Integrating Scientific Developments with Societal Needs
Calestous Juma, professor of the Practice of International Development at Harvard University, recently published an article entitled “Forget Natural Resource: it’s Science and Tech that will Transform Africa.” The article explains the importance of more closely integrating scientific developments with societal needs.
Juma explains how there is a prevailing view that science is separate from ongoing developments in society. People believe that scientific advances occur removed from society and that it is simply convenient when scientific developments happen to benefit society in some way.
However, Calestous Juma believes that making societal improvement a goal for scientific researchers could net more efficient results. He points to the second law of thermodynamics as an example. While engineers were attempting to improve the steam engine for practical purposes, they ended up coming up with the second law of thermodynamics.
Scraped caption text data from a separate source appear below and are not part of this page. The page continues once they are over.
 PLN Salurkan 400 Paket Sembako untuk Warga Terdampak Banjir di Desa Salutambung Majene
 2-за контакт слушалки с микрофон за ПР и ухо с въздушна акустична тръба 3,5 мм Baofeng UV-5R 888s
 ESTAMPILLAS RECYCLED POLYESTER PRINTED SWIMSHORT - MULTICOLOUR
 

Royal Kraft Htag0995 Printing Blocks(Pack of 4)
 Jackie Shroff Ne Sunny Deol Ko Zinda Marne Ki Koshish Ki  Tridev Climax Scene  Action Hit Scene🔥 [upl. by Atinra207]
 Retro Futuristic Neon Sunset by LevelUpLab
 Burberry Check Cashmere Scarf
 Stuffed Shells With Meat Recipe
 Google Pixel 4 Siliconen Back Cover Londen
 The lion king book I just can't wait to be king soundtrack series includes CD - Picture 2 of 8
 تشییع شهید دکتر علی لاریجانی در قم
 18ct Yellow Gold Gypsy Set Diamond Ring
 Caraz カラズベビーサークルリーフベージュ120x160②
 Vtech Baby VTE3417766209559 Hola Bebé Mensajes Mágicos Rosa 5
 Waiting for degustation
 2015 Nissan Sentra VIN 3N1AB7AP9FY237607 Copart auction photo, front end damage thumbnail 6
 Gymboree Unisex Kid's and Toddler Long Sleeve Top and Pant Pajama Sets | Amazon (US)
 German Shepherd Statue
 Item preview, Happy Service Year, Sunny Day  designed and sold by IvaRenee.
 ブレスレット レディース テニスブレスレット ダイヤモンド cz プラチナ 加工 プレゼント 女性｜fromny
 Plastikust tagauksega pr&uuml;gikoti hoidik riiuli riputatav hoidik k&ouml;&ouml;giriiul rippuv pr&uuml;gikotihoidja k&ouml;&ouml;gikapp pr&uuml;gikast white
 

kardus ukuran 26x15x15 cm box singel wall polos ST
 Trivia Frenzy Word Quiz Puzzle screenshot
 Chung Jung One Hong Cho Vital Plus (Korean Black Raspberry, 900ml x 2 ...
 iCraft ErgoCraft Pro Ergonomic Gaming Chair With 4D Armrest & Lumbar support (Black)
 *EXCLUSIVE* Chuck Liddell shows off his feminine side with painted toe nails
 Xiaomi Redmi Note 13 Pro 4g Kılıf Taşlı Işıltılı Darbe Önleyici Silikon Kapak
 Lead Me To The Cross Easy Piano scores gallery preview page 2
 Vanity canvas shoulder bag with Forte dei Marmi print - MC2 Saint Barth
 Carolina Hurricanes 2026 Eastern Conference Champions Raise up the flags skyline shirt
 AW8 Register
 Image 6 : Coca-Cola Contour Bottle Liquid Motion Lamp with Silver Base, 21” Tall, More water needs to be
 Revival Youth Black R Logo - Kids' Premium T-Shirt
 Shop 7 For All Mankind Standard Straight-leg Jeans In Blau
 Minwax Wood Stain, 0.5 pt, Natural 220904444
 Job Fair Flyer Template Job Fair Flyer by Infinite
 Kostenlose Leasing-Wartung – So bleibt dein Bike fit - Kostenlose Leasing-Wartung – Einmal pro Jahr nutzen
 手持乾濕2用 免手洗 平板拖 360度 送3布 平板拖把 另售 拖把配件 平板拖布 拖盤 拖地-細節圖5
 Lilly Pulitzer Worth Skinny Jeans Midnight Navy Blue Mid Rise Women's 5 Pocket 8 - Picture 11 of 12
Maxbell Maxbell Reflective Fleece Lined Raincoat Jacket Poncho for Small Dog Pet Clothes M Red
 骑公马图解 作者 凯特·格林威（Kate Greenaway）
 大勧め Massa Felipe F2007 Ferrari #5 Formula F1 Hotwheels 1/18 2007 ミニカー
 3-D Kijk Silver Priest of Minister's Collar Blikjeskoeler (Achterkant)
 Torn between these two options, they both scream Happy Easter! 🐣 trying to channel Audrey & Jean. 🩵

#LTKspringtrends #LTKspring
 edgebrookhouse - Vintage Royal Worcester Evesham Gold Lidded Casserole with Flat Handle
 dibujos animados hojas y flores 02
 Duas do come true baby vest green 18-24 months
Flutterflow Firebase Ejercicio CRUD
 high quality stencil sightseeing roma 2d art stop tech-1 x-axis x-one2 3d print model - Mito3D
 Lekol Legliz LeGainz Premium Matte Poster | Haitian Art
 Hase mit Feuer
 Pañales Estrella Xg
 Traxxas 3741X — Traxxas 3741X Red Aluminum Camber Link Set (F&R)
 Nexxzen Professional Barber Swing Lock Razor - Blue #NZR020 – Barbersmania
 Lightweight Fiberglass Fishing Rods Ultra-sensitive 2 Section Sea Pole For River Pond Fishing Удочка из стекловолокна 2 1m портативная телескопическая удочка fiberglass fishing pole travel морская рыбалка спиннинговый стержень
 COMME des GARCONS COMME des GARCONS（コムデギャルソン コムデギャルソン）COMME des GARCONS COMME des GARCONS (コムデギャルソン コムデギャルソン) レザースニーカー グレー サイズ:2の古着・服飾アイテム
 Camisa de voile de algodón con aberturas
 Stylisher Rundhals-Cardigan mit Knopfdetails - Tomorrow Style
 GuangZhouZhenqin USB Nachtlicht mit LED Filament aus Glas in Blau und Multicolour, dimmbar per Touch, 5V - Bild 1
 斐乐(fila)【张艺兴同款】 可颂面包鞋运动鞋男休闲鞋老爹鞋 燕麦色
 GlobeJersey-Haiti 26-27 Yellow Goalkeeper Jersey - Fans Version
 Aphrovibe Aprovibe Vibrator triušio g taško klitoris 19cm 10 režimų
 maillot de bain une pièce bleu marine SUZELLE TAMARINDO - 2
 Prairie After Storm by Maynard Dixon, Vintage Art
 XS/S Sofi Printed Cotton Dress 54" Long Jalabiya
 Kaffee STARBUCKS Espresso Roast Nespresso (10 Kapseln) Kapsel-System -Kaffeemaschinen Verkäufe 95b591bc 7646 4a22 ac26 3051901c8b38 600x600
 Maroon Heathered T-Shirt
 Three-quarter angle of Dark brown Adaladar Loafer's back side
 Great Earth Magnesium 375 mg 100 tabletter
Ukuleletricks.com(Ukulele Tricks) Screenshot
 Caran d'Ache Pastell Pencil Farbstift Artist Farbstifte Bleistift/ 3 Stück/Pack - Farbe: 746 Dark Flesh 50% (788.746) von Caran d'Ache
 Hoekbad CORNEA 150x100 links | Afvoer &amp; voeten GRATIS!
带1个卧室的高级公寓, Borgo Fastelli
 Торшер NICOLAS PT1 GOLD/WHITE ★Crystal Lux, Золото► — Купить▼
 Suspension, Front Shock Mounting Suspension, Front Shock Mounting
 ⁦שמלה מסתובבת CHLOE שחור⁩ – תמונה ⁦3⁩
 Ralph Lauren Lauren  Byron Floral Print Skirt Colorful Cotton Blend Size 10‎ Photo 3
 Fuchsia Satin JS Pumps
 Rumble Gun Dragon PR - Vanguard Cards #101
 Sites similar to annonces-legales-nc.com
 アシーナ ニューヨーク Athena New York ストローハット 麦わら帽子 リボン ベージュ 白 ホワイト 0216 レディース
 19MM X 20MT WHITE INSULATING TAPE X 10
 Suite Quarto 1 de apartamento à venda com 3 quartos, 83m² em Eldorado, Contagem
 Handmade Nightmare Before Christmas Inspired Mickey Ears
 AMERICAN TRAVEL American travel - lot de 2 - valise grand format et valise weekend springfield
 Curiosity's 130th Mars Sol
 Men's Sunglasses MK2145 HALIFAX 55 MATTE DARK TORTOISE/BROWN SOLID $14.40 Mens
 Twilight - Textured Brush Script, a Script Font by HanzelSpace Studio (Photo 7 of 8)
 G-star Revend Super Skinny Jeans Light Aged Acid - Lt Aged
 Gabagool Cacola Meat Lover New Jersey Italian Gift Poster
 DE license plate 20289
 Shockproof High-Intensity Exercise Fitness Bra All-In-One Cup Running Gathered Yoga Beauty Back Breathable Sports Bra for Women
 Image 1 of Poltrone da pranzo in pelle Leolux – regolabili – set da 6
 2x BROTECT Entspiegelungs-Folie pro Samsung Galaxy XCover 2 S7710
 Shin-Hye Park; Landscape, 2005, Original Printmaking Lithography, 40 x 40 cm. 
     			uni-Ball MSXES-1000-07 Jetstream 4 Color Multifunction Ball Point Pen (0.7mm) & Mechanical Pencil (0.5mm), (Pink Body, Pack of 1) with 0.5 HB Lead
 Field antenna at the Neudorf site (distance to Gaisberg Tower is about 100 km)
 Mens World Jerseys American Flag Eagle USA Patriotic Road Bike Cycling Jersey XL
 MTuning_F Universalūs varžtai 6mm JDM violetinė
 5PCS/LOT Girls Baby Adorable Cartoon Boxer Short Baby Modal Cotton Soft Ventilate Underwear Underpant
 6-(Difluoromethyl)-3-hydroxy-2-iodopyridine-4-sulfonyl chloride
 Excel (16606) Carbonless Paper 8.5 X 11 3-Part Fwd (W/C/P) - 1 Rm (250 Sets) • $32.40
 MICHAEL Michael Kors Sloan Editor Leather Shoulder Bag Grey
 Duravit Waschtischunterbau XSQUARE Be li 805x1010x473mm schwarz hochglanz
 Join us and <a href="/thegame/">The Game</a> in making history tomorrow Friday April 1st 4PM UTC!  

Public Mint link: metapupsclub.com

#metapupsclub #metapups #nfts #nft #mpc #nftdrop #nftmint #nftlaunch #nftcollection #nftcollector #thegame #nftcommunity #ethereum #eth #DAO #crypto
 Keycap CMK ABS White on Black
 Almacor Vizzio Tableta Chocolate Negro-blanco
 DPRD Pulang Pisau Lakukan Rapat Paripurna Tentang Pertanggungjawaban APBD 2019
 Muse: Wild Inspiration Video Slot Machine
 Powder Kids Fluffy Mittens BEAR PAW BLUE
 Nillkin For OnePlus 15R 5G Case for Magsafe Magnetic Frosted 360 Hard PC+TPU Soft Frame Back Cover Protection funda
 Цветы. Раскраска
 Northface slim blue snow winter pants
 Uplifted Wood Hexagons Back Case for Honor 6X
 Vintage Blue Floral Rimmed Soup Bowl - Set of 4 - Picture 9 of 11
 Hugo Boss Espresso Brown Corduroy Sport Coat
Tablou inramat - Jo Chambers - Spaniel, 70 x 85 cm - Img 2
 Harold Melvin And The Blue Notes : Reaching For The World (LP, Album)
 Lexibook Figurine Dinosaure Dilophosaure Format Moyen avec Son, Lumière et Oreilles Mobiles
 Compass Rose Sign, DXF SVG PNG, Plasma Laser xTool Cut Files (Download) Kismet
Here, a development in scientific theory arose while trying to improve a facet of society.
A clear modern day example of what Juma proposes can be seen in the Grand Challenges initiatives launched by the Bill and Melinda Gates Foundation. Grand Challenges Exploration is an initiative that issues a set of challenges twice a year. Researchers apply with ideas they have to solve those challenges, and monetary grants are awarded to the most deserving.
For example, the initiative recently issued challenges to “Design New Analytics Approaches for Malaria Elimination” and to “Explore New Ways to Measure Delivery and Use of Digital Financial Services Data”. Proactively calling upon science to assist in these kinds of societal advancement provides a more streamlined pathway for scientific developments to lead to societal betterment.
Juma also questions the way universities separate the hard sciences from the social sciences in their academic curriculums. If you visit a college, you are likely to see people defining themselves as STEM (science, technology, engineering, math) students versus humanities students. This arbitrary distinction carries on to pervade the view of society in general, causing scientific developments to not be as helpful to society as it could be.
Calestous Juma calls for more integration between the various academic disciplines. In real world applications, often one needs a mix of skills from multiple disciplines of study. We need to acknowledge the value of interdisciplinary knowledge moving forward.
Juma proposes what he calls “innovation universities.” These universities would “combine research, teaching, extension and commercialization of new products and services,” giving students the means to work towards scientific advances in the context of societal demands.